The difference between Liu’s argument and the others that we read for this week is that Liu looks at cultural criticism with a wider aperture on his lens; instead of critiquing race theory in DH, gender inequality in DH, the feeling of exclusivity (“the cool kids’ table) to the field, or even user theory (is that a thing? if not, I totally just made a thing!) – (the idea that DH is elitist because tools aren’t properly shared or distributed, or only available to certain people) – Liu is making the wider argument that critical cultural analysis is missing from the Digital Humanities (as compared to regular, boring Humanities) as a whole.

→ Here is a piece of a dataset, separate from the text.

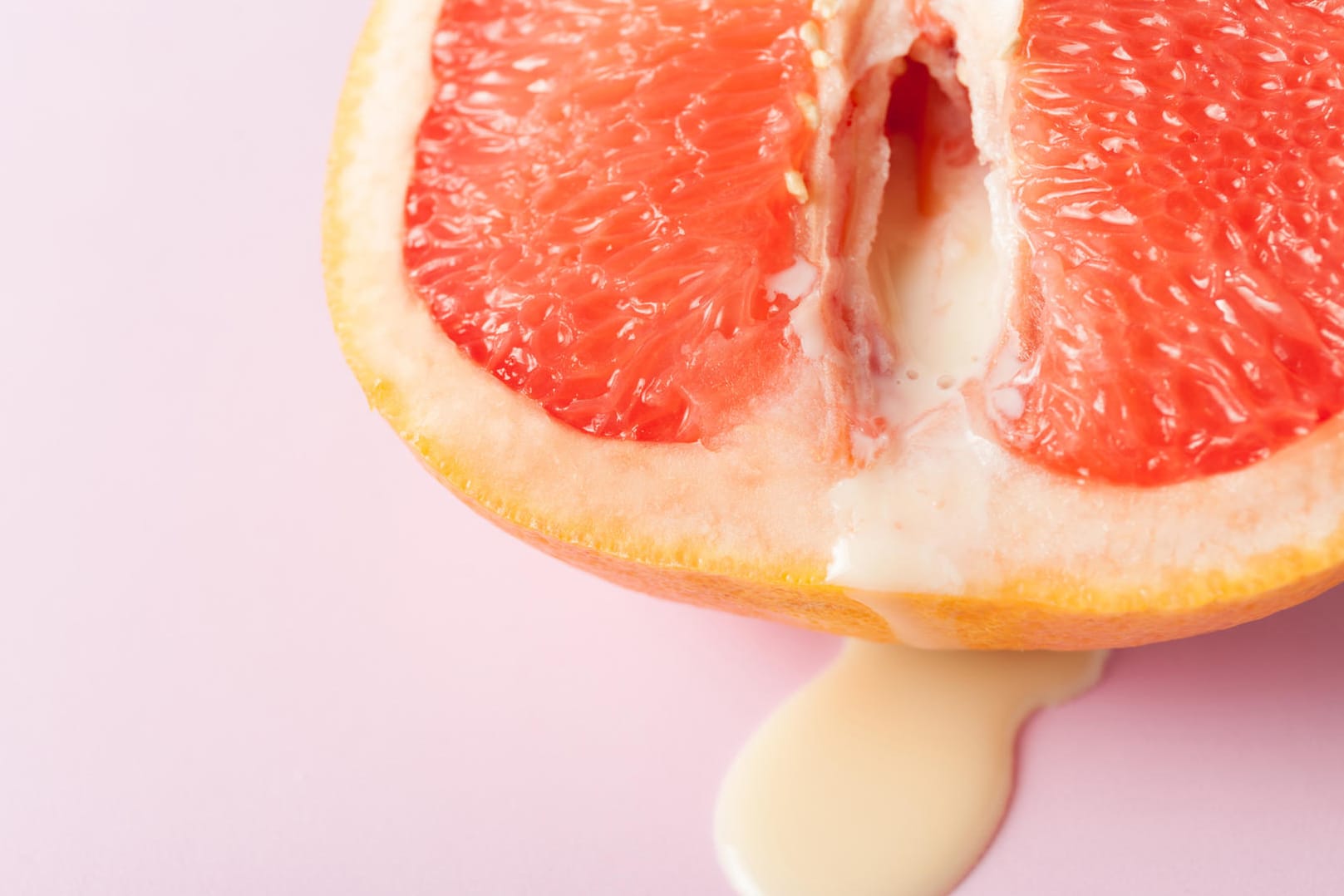 Grapefruit mit Saft: Jede Vulva hat einen einzigartigen Geruch und Geschmack. (Symbolbild)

He writes that it is his “fear that this lack will stunt the growth of our field.”
He asks what will DH contribute (methodologically) to the wider Humanities field – and argues that the gap between the two won’t be closed until we can move “seamlessly” between text analysis and cultural analysis. As partners, though, Liu also argues that the two fields can benefit from each other – with so many humanities departments on the fiscal chopping blocks, DH can bring new functionality and new work to these fields, bridging a gap between traditional scholarship and more interdisciplinary, technical, exploratory, or experimental DH work. (“The digital humanities can transcend their “servant” role in the humanities through leadership in advocating for the humanities.”) He says this could be DH’s “unique value” to the academy.
He concludes with “Ultimately, the greatest service that the digital humanities can contribute to the humanities is to practice instrumentalism in a way that demonstrates the necessity of breaking down the artificial divide of the “two cultures” to show that the humanities are needed alongside the sciences to solve the intricately interwoven natural, technological, economic, social, political, and cultural problems of the global age.”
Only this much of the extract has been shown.